La nieta de Esperanza Miguelitu ofrece en su espléndido zapoteco –tiene apenas diez años y está al frente del negocio nocturno-, ¡carne! ¡carne de cerdo¡ ¡chorizo! Una hermosa mujer se planta ante el puesto y pregunta si el animal estuvo encerrado durante la engorda o no; la respuesta es rotundamente afirmativa ¡claro que sí! Nuevamente la mujer habla y pregunta por el precio del producto; entonces la niña, como haciendo un pase mágico toma una pieza de tasajo –tasajo juchiteco, se entiende, esa pieza alargada cuyo nombre en zapoteco sugiere una traducción literal que sería algo así como carne de mecate-, muestra la longitud que es medio metro, aproximadamente, toma otro pedazo y lo pone junto a la medida, lo corta al mismo tamaño, lo coloca en una bolsita de plástico, se lo entrega a la señora y dice sonriente: veinte pesos.
Con una sonrisa de respuesta, la guapa dama requiere otros diez pesos de carne. La niña, rápida, como el mago que se saca un conejo de la chistera, extiende su medida cárnica otra vez, la dobla en dos, toma otra porción y la compara. ¡Zac!, corta, dando un pilón de diez centímetros y lo entrega.
(Las ráfagas de enero llevan sobre sí el mensaje de La tehuana, cuya voz se escucha desde las trompetas sonoras anunciando otras ricuras para la cena, la junta de padres de familia de la escuela Grabiela Mistral y la entrega de precartillas del Servicio Militar Nacional para los jóvenes de la clase correspondiente a este año, remisos incluidos.)
Media hora más tarde, en el corredor, la familia se congrega para hacerle los honores a las viandas. Enormes jícaras de café humean sobre la mesa, se sumergen las tortillas al interior de los recipientes antes de ser engullidas relamidamente, mientras se comentan las últimas travesuras del folclórico –por decir lo menos- presidente local: que si ya le quiere cobrar derechos de entrada al pueblo a quienes expenden pollo de granja, a los naranjeros, a los vendedores de bon ice, incluso a Lago –el marchante de los dulces y chicles en las pachangas, que viaja desde Juchitán para hacer su negocio.
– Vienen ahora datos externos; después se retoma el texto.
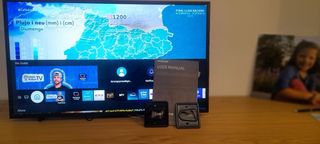 TV Samsung 32 QE32LS03T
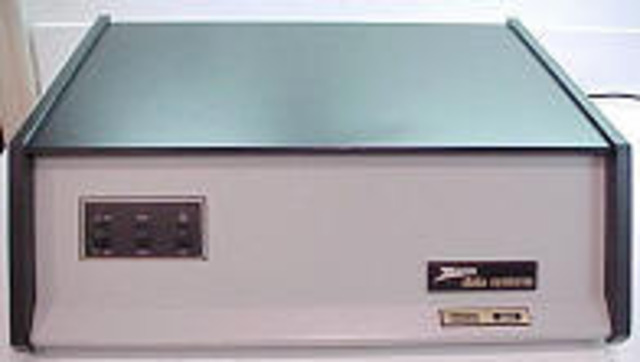 JOSE CHOC COMPRA SU PRIMERA COMPUTADORA.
Por supuesto que las agencias cerveceras y refresqueras no se salvan (la gente comenta que la Corona ofreció realizar una obra en beneficio de la comunidad, pero el presidente quiere cash, dinerito, pues).
Un piquete de policías municipales está apostado a la entrada del pueblo para impedir el ingreso de quienes no se han puesto a mano, fui testigo de cómo le dispararon a una camioneta de la Corona, el ocupante del vehículo –que no llevaba producto alguno- pretendía entrar para hacer un mandado, según sus propias palabras. Desde cuándo la chingada tu patrón no se ha puesto de acuerdo con el presidente, fue la respuesta única, aunada a la grosera muestra de las armas.
Esto y más se platica bajo el amparo de la noche, al calor de la salsa machacada. No hay mundo más feliz que éste.
Afuera los cocoteros se inclinan respetuosamente para saludar el paso del viento enfurecido.